Here's a working godbolt, note the compiler flag -march=x86-64-v2:
https://godbolt.org/z/PvaojqGcx
For more reading on the x86-64-psABI, the spec is published here.
What's the reason behind applying two explicit type casts as below?
if (unlikely(val != (long)(char)val)) {
Code taken from lxml.etree.c source file from lxml's source package.
That's a cheap way to check to see if there's any junk in the high bits. The char cast chops of the upper 8, 24 or 56 bits (depending on sizeof(val)) and then promotes it back. If char is signed, it will sign extend as well.
A better test might be:
if (unlikely(val & ~0xff)) {
or
if (unlikely(val & ~0x7f)) {
depending on whether this test cares about bit 7.
Just for grins and completeness, I wrote the following test code:
void RegularTest(long val)
{
if (val != ((int)(char)val)) {
printf("Regular = not equal.");
}
else {
printf("Regular = equal.");
}
}
void MaskTest(long val)
{
if (val & ~0xff) {
printf("Mask = not equal.");
}
else {
printf("Mask = equal.");
}
}
And here's what the cast code turns into in debug in visual studio 2010:
movsx eax, BYTE PTR _val$[ebp]
cmp DWORD PTR _val$[ebp], eax
je SHORT $LN2#RegularTes
this is the mask code:
mov eax, DWORD PTR _val$[ebp]
and eax, -256 ; ffffff00H
je SHORT $LN2#MaskTest
In release, I get this for the cast code:
movsx ecx, al
cmp eax, ecx
je SHORT $LN2#RegularTes
In release, I get this for the mask code:
test DWORD PTR _val$[ebp], -256 ; ffffff00H
je SHORT $LN2#MaskTest
So what's going on? In the cast case it's doing a byte mov with sign extension (ha! bug - the code is not the same because chars are signed) and then a compare and to be totally sneaky, the compiler/linker has also made this function use register passing for the argument. In the mask code in release, it has folded everything up into a single test instruction.

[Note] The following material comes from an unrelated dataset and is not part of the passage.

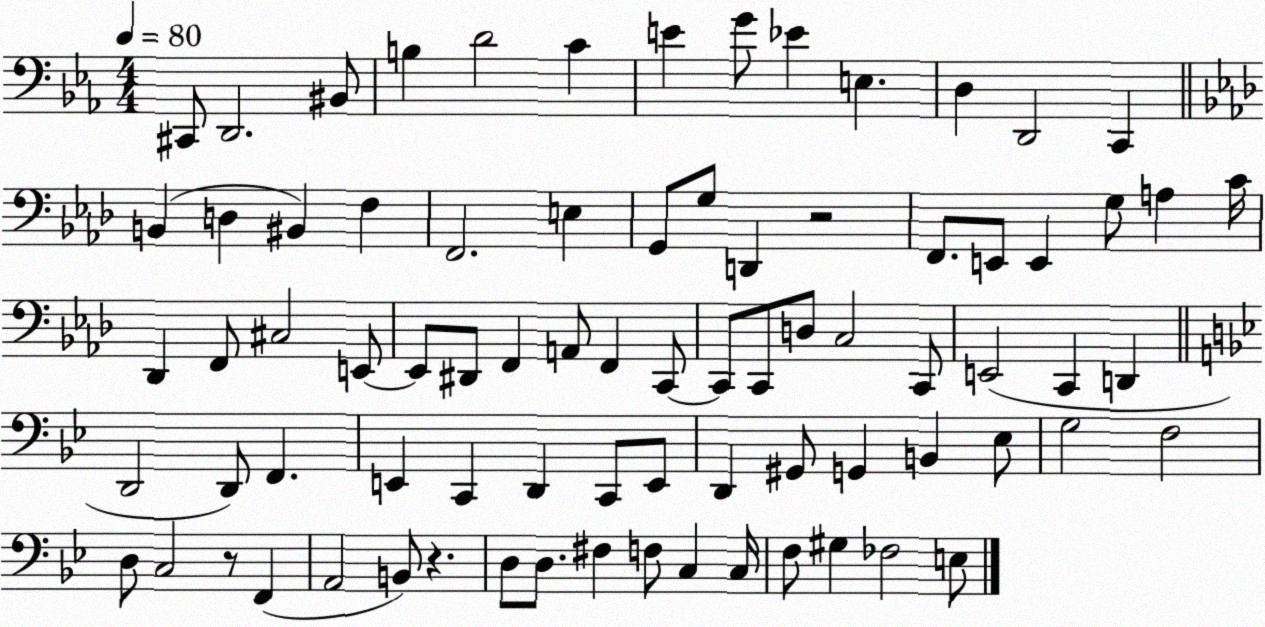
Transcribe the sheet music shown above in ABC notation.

Which is faster? Beats me - and frankly unless you're running this kind of test on a VERY slow CPU or are running it several billion times, it won't matter. Not in the least.

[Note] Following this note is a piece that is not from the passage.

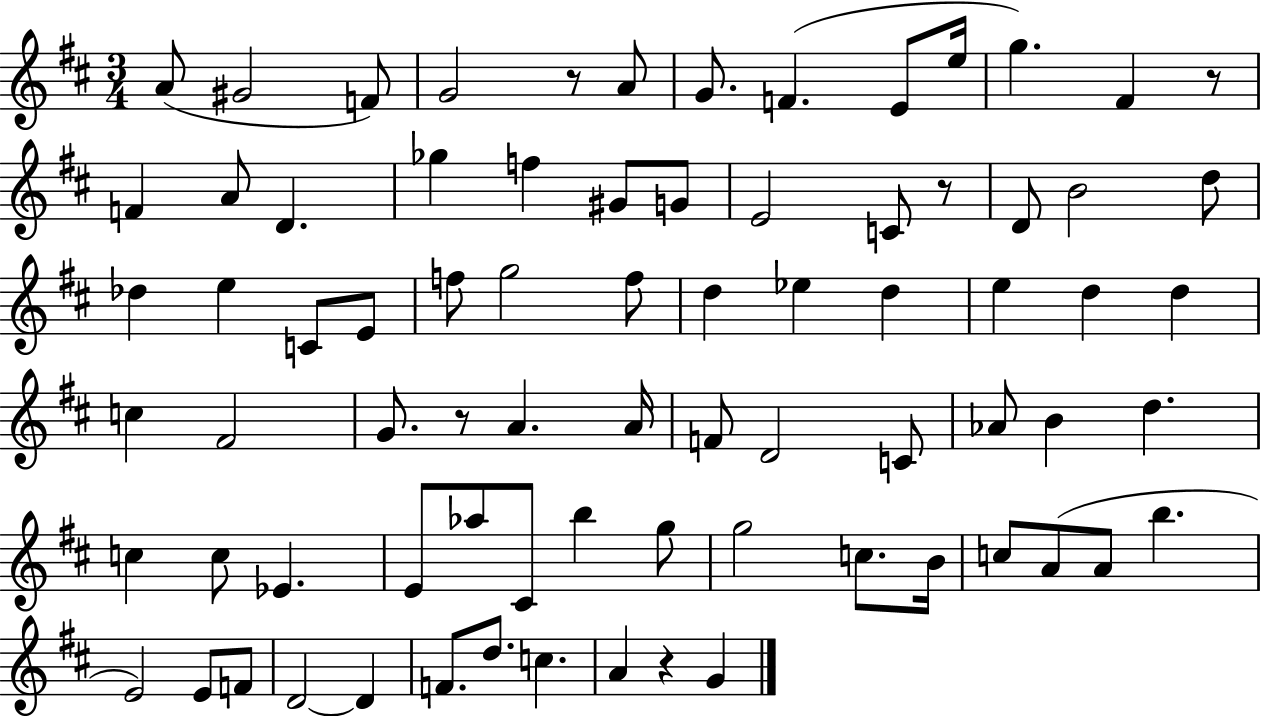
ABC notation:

So the answer in this case, is to write code that is clear about its intent. I would expect a C/C++ jockey to look at the mask code and understand its intent, but if you don't like that, you should opt for something like this instead:
#define BitsAbove8AreSet(x) ((x) & ~0xff)
#define BitsAbove7AreSet(x) ((x) & ~0x7f)
or:
inline bool BitsAbove8AreSet(long t) { return (t & ~0xff) != 0; } // make it a bool to be nice
inline bool BitsAbove7AreSet(long t) { return (t & ~0x7f) != 0; }
And use the predicates instead of the actual code.
In general, I think "is it cheap?" is not a particularly good question to ask about this unless you're working in some very specific problem domains. For example, I work in image processing and when I have some kind of operation going from one image to another, I often have code that looks like this:
BYTE *srcPixel = PixelOffset(src, x, y, srcrowstride, srcdepth);
int srcAdvance = PixelAdvance(srcrowstride, right, srcdepth);
BYTE *dstPixel = PixelOffset(dst, x, y, dstrowstride, dstdepth);
int dstAdvance = PixelAdvance(dstrowstride, right, dstdepth);
for (y = top; y < bottom; y++) {
for (x=left; x < right; x++) {
ProcessOnePixel(srcPixel, srcdepth, dstPixel, dstdepth);
srcPixel += srcdepth;
dstPixel += dstdepth;
}
srcPixel += srcAdvance;
dstPixel += dstAdvance;
}
And in this case, assume that ProcessOnePixel() is actually a chunk of inline code that will be executed billions and billions of times. In this case, I care a whole lot about not doing function calls, not doing redundant work, not rechecking values, ensuring that the computational flow will translate into something that will use registers wisely, etc. But my actual primary concern is that the code can be read by the next poor schmuck (probably me) who has to look at it.
And in our current coding world, it is FAR FAR CHEAPER for nearly every problem domain to spend a little time up front ensuring that your code is easy to read and maintain than it is to worry about performance out of the gate.
Speculations:
cast to char: to mask the 8 low bits,
cast to long: to bring the value back to signed (if char is unsigned).
If val is a long then the (char) will strip off all but the bottom 8 bits. The (long) casts it back for the comparison.